Spencer and Dunne left.

“Aren’t you off today?” Fynn asked her.

Madison shrugged. “That’s not how the day played out. I’ll be around.”

“Kelly?”

“I left him a message.”

“How’s it working out with you two?”

“It’s delightful, sir.”

“I thought it would be.”


Madison had officially given up on having a day off. Then again, if she hadn’t been at the precinct, she likely would have been home thinking about the case or experiencing the charms of a prison visit. Even if she had wanted to take out her kayak, the rain would have made it, while not impossible, thoroughly unpleasant and ultimately a waste of time. Which was a pretty accurate description of her relationship with Kelly, Madison reflected as she sipped her coffee.

The Ronald Gray autopsy report was open in front of her; the photographs, stark and bleak, fanned out on the desk.

None of the detectives had said it, because they didn’t need to: the obvious reason Gray had the medal might be that he was one of the men who had taken the boys into the woods, one of the men who had dug a hole in the dirt and put David Quinn in it.

Madison looked at the autopsy pictures. Was this the fate that Ronald Gray believed had been stalking him and Vincent Foley?

The case required a change of perspective, and Madison had felt that in Fynn and the others. For them Gray had started out as a victim; now he was possibly a kidnapper and a murderer, and yet he was still a victim. Madison replaced the pictures in the report and shut the file.


As lunchtime came around, Madison’s thoughts were batting against the precinct’s walls, and she needed to get out and stretch her legs. The sky was overcast, the rain had decided to give up for at least a few minutes, and she resolved to walk down 5th Avenue toward Pine Street. She passed the public library on the corner with Spring and resisted the sudden impulse to go inside and spend the afternoon reading instead of going back to the precinct and looking at pictures of dead men who might or might not have been murderers.

She had always enjoyed ambling down 5th Avenue: the trees were doing their best in the winter chill, and it was so much more pleasant than going from point A to B in her Honda, even for half an hour. Other people hurried past Madison in the bubble of their own lunch break.

She reached Nordstrom on Pine and turned left. The food court on the third floor of the Westlake Center was as busy as always, and that was exactly what Madison needed: watching people leading their lives, shopping, eating, and generally getting on with things. The smell of food being cooked or, more often, simply reheated was as sharp as it could be in a world of central heat, air-conditioning, and ventilation. The warm air was heavy with jostling spices.

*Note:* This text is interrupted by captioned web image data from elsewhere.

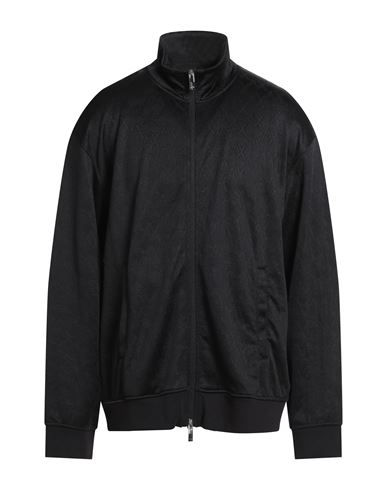 Man Sweatshirt Black Size XXL Polyester, Cotton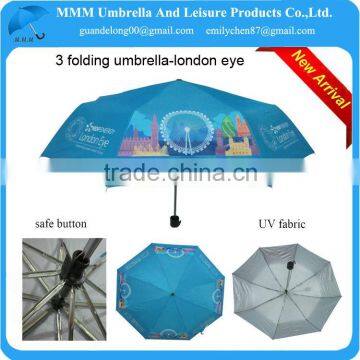 21inch london eye-blue uv coating fabric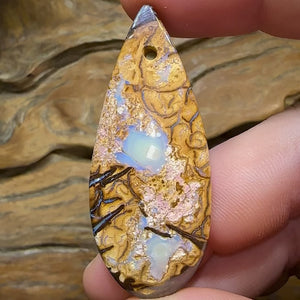 53 x 22mm - Drilled Australian Boulder Opal. TRIBAL PATTERN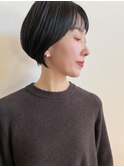 大人グラデーションボブ/アッシュブラック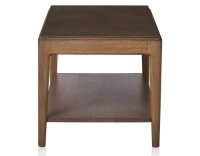 Table basse rectangulaire en chêne et céramique avec tablette en bois teinte noyer plateau céramique brun oxydé 100x50 cm Table basse rectangulaire en chêne et céramique avec tablette en bois teinte noyer plateau céramique brun oxydé 100x50 cm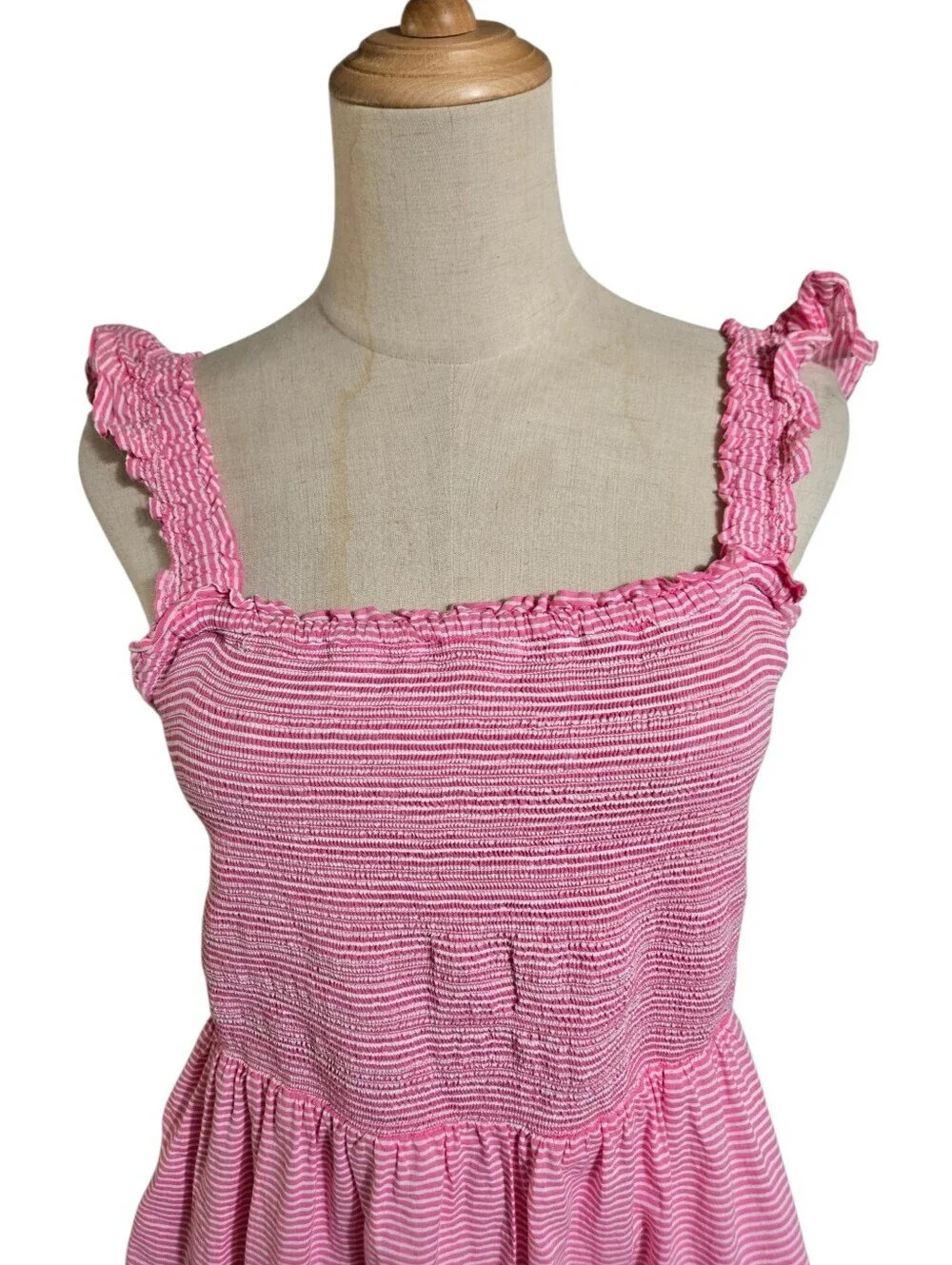 J. Crew Pink Striped Smocked Summer Sleeveless Dress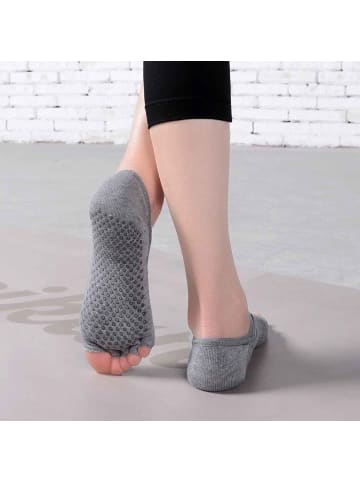 MUNADUNA 
Yoga-Zehensocken mit Doppelkreuz - offene Zehen in Grau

She silently apologized to her grandmother and got into a queue for a burger and fries to go with it; she found a spot at a large table and picked at her food. It was predictably awful, and yet sometimes that particular kind of awful could be perfect. Half the burger patty disintegrated in her hands, and she wiped the mustard and ketchup off her fingers with a small paper napkin that wasn’t really up to its job.